Cats as a Service architecture diagram
In reality, each box in the diagram is actually a cluster of servers running behind load balancers. There are also caches and monitoring servers, etc., that haven't been drawn in.

Now, anyone who’s developed any serious web service knows that a lot of code ends up being sanity checking. No one needs a one billion by one billion pixel picture of a cat’s nose, but without sanity checking it’s only a matter of time before a user (maliciously or by accident) makes that request and crashes a server.

Sanity checking requests wasn’t the biggest priority for the team working on the Cat-o-matic, though. The biggest priority for them was implementing the increasingly complex cat-pic-processing features that were needed by the frontend team. Besides, it wasn’t as if the Cat-o-matic were on the open internet; all requests to the Cat-o-matic came from the CaaS, which was developed by intelligent engineers who wouldn’t make stupid requests.

On the other hand, although the CaaS had sanity checking of user requests, it turned out it didn’t have sanity checking of backend requests it produced. Why would it? The Cat-o-matic was written by intelligent engineers who knew what they were doing.

It should be obvious how things went wrong. The ironic twist is that it wasn’t real user requests that caused the outage, but fake user requests from the monitoring stack. A new feature was added to the CaaS, and an innocent-looking test case was added to the black-box monitoring.

So, once every few minutes, the monitoring stack would check if the new CaaS feature were working by sending it a request. The CaaS would take the request, process it a bit, and then turn around to rain an unholy armageddon of insane requests on the Cat-o-matic servers. None of the victim servers survived to report back, so eventually the CaaS would give up waiting and deliver an error page to the monitoring stack. The monitoring stack would record the failure and then simply try again a few minutes later – after all the servers that had crashed the previous round had finished restarting.

Postmortem

The incident itself was exciting (although it turned out enough servers were up at any time to keep serving end users), but the fix was mundane after the cause was identified: roll back the new monitoring config, and then do a review of the codebase looking for places to add more checking.

But there were some good morals to the story. First, it was a gentle reminder that any production change can cause a system failure. The vulnerable code had all been pushed under the usual safety checks, but the crashing was only triggered when the new monitoring configs were loaded.

Second, it’s only an illusion that makes deep processing pipelines feel like a defence against weird requests. The truth is the opposite: processing tends to create weird requests.

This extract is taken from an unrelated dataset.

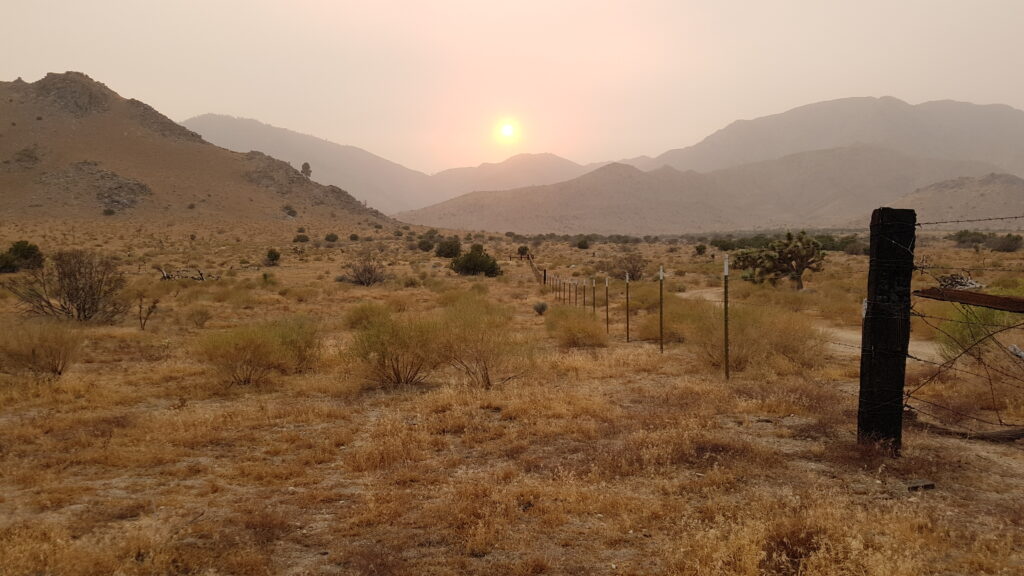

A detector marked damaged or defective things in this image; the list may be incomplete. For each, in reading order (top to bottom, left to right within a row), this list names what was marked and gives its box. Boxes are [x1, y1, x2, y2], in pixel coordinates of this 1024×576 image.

charred wooden fence post [856, 206, 921, 453]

Third, communication issues were obviously a major factor. If the engineers who pushed the monitoring config had immediate feedback that the backend servers were crashing, they would have rolled back immediately. Instead, they were tracing their monitoring check failures downstream while the backend engineers were tracing their server crashes upstream. Of course, the outage wouldn’t have happened at all if the two teams had figured out who was responsible for sanity checking what in the first place. Some of these lines of communication could have been improved (and they were afterwards), but ultimately communication failures are going to start happening once a team grows beyond a size of one. Projects need to be made robust to that.

Which comes to the main moral of the story: defensive coding needs to be the culture. I choose the word “culture” deliberately because the point is that in practice you’ll either have a culture of defensive coding or a culture of defenceless coding. A situation where everyone knows exactly where in the system assumptions need to be verified and where they don’t is just not scalable. If you can’t look at a single component and see what assumptions are made there and how they are verified, the system is probably broken.